After 16 March, the day that the greatly disappointed Mary had received Elizabeth’s written refusal to name her successor, the Scottish queen had been considering measures that might change her cousin’s mind. She probably demonstrated a public interest in Darnley in early April because she was finalizing plans to send Lethington to London for discussions with English officials about marrying Leicester. Her behavior toward Darnley, which she knew Randolph would reveal to his government, can be interpreted as a warning that she had a groom in reserve if arrangements to wed Leicester could not be worked out to her satisfaction.

Reaching London in mid-April, Lethington discussed the Don Carlos match with Diego Guzman de Silva, dean of Toledo, the Spanish ambassador, and Mary’s succession claims with English officials.
Lethington’s instructions required him to discover if Mary’s diplomatic ploy in January to make Philip believe she was arranging a French alliance had caused him to rethink his previous rejection of her marriage to Don Carlos. Lethington dispatched de Silva’s and Elizabeth’s responses, which reached Stirling on 3 May, that Philip would not reopen the negotiations
18
and that Elizabeth would not name Mary as her successor.

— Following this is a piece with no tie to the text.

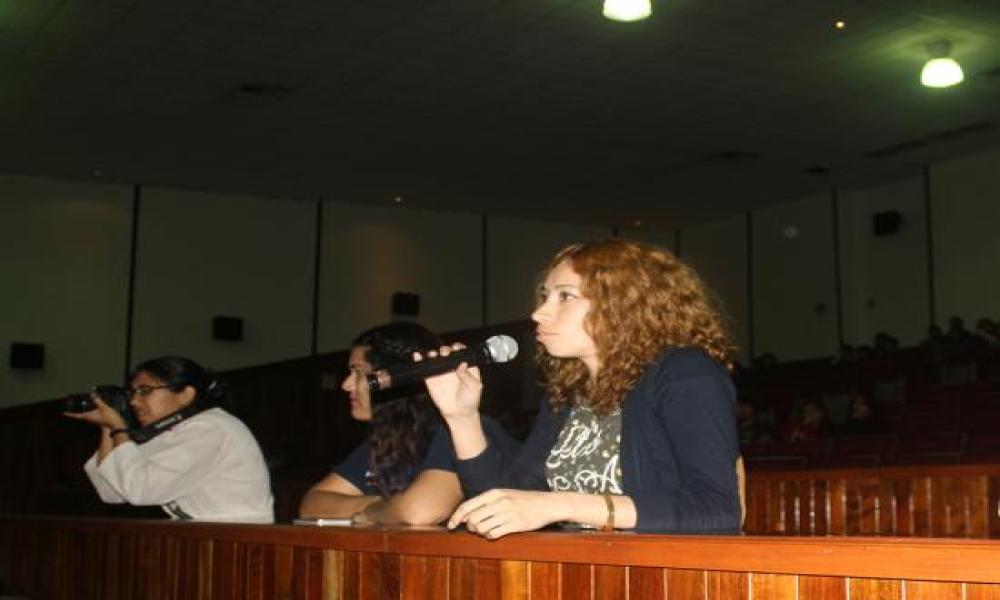 El director Mark Christopher recibe la Iguana de Oro en el 15° FICPV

While Lethington was checking on the viability of her English and Spanish courtships in London, Cecil was digesting Randolph’s dispatch, written at Berwick on the 15th, that Mary was favoring Darnley over all other suitors. When questioned about this report, Lethington
confirmed Randolph’s assertions but denied the rumors that Darnley’s relatives had been spreading in England that she risked her life to
“attend upon him” with “much diligence” during his infectious bout.
19
Overlooking this denial, all her recent biographers, including Antonia Fraser, Jenny Wormald, and John Guy have credited the rumors that she fell in love with Darnley while nursing him. As a queen regnant in this hierarchical, honor-driven culture, Mary would have seriously damaged her reputation by attending to the medical needs of a young, unmarried man. It should also be noted that it is usually the grateful patient not the nurse who falls in love.

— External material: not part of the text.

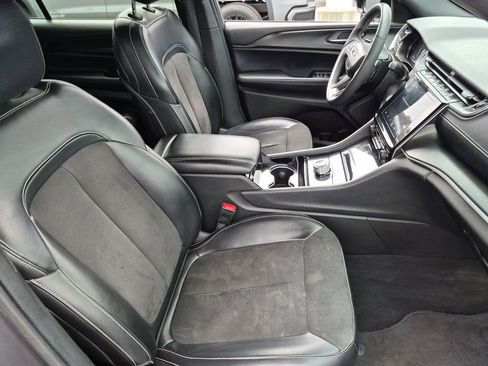 Used 2023 Jeep Grand Cherokee L Laredo AWD/4WD image 21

A concerned Elizabeth decided to send Throckmorton to warn Mary not to wed Darnley. In the ambassador’s initial instructions, drafted by Cecil on 24 April, can be found the confirmation that Lethington was denying that Mary attended to her ailing suitor. Two letters Cecil recently received from Berwick had alerted him to this rumored behavior. On the 18th Bedford related that the bearer of Lennox’s letter reporting on Darnley’s convalescence claimed she risked her health to visit him during his illness, and on the 23rd Randolph stated enigmatically that the greatest and fairest often visited the ailing Darnley.
It is noteworthy that Bedford, Randolph, and Cecil never used the word
nurse
in these documents. Indeed, in Randolph’s dispatches of the 7th and the 15th, written after he left Stirling on the 6th, he failed to refer either to her
nursing
or to her attendance on Darnley. The news he forwarded on the 23rd about her visits to Darnley was from others’
reports and not from personal observation.
20

Randolph’s dispatches reporting that she was favoring Darnley and contemplating marriage to him probably caught Elizabeth and her councilors by surprise. They did not confirm Throckmorton’s final instructions until 2 May. Their concern about Guise influence on Mary was seemingly more significant for the fears that it aroused in them about her completing a foreign Catholic marriage than for its actual effect on her decisions. Cecil probably met Francis, the Grand Prior, and Elboeuf when Elizabeth entertained them at her court as they returned overland to France in 1561 and 1562. Any discussions Cecil and Elizabeth might have held with them neither diminished the secretary’s firm belief in the existence of a Guise conspiracy to destroy Protestantism nor the queen’s opinion that Mary’s uncles were the ones mainly responsible for her assumption of England’s royal arms. Some
foreign diplomats were predicting that the Guises would choose Mary’s next husband, an opinion expressed by Randolph, who had greatly criticized Elboeuf in his dispatches. In 1563 partly in response to Lorraine’s attempts to match Mary with the archduke, Elizabeth had agreed to reopen marriage negotiations with the Austrian prince.